Yes, but can Enjin coin grow 1,000%? That seems to be all crypto investors care about.
Nobody knows. But at less than $2 a “share”, no one is going to go broke buying 100 ENJ, that’s for sure.
These things are like the roulette wheel, only instead of betting outside, you’re stuck to betting on 0s and 00s and hoping for the best. If you win, the payout is huge. Like Kenny Rogers’ Gambler, “you’ve got to know when to walk away, and know when to run.”
“We see a future where gaming economies become as complex and nuanced as those in the real world, with gamers wanting to own every piece of their player experiences,” Kortendick says. “This will move the social paradigm past user-generated content and more toward user-generated value, where people can create products and services for each other in the digital world, powered by blockchain technology and NFTs.”
That’s the fundamental case for Enjin Coin in a nutshell.
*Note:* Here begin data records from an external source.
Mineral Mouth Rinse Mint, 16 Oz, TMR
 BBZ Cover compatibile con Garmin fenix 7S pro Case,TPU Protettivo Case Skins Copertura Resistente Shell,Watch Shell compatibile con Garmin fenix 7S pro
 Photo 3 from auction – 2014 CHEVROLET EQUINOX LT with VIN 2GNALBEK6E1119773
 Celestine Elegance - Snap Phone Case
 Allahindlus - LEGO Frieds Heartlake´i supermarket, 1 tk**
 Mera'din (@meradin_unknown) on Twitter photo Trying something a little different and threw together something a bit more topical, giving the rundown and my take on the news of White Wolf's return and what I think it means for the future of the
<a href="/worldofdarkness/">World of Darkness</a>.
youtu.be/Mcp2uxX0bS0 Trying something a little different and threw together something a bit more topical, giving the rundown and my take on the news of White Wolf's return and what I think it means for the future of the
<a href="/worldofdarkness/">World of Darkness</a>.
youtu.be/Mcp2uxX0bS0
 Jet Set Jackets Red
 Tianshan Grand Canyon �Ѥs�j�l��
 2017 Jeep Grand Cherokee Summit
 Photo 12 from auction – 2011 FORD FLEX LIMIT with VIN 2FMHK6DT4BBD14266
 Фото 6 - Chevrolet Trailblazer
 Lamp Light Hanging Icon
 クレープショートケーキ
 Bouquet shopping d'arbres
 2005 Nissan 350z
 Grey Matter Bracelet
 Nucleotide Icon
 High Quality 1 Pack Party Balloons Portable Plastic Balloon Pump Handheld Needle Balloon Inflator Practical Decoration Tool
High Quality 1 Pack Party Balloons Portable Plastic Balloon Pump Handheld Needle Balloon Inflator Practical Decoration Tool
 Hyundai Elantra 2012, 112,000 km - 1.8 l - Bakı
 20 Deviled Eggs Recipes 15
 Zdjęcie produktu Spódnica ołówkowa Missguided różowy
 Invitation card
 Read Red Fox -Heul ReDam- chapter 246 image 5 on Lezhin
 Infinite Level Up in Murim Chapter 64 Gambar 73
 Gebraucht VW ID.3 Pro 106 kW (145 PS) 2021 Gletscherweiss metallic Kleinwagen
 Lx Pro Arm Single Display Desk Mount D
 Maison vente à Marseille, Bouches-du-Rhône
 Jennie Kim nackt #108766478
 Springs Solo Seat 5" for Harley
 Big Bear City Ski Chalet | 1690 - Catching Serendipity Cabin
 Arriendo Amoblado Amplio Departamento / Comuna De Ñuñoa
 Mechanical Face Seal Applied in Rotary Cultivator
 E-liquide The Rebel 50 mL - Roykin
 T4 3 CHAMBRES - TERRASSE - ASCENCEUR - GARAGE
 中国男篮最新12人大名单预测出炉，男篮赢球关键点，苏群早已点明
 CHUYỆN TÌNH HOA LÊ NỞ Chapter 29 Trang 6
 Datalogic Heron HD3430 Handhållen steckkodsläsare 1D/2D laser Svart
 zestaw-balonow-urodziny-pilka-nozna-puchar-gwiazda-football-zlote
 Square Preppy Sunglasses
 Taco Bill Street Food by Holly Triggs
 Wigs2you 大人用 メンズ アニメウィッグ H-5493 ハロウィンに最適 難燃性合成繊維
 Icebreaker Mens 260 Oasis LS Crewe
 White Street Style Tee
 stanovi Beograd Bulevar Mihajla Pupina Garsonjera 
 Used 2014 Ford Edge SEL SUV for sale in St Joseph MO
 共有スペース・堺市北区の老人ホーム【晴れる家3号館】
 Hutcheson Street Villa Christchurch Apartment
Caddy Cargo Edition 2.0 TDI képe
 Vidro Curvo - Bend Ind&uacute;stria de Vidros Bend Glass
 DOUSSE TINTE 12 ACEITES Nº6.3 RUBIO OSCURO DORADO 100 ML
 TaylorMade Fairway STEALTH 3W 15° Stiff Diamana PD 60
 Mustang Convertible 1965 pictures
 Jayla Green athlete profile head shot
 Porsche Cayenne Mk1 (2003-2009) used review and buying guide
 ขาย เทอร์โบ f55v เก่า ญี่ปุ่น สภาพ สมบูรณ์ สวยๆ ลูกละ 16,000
They are building an NFT ecosystem that will give businesses, developers, and the gamer audience everything they need to create, integrate, trade, distribute, and utilize NFTs.
If you believe in NFTs, you are buying a little bit of Enjin coin.
As an investor, I am not sure that I believe in NFTs. But Tom Brady does, and apparently tens of thousands of other people do, and so I’ve put some risk into Enjin Coin. If it blows up, I don’t lose all my crypto chips.
The people at Enjin are bullish, like everyone in crypto.
“We’re beyond excited about the inevitable symbiosis of NFTs with augmented and virtual reality and artificial intelligence,” Kortendick says. “These technologies, combined with NFTs and blockchain, will enable the emergence of a true decentralized Metaverse.”
The Metaverse is a whole other world. Recall the comment earlier about Caprica. You can read about the Metaverse here.
“This new reality will provide incredible opportunities for socialization, creativity, economic activity, and social mobility,” says Kortendick. “I think it will replace the internet as the main arena for societal, cultural, political, and economic activity”.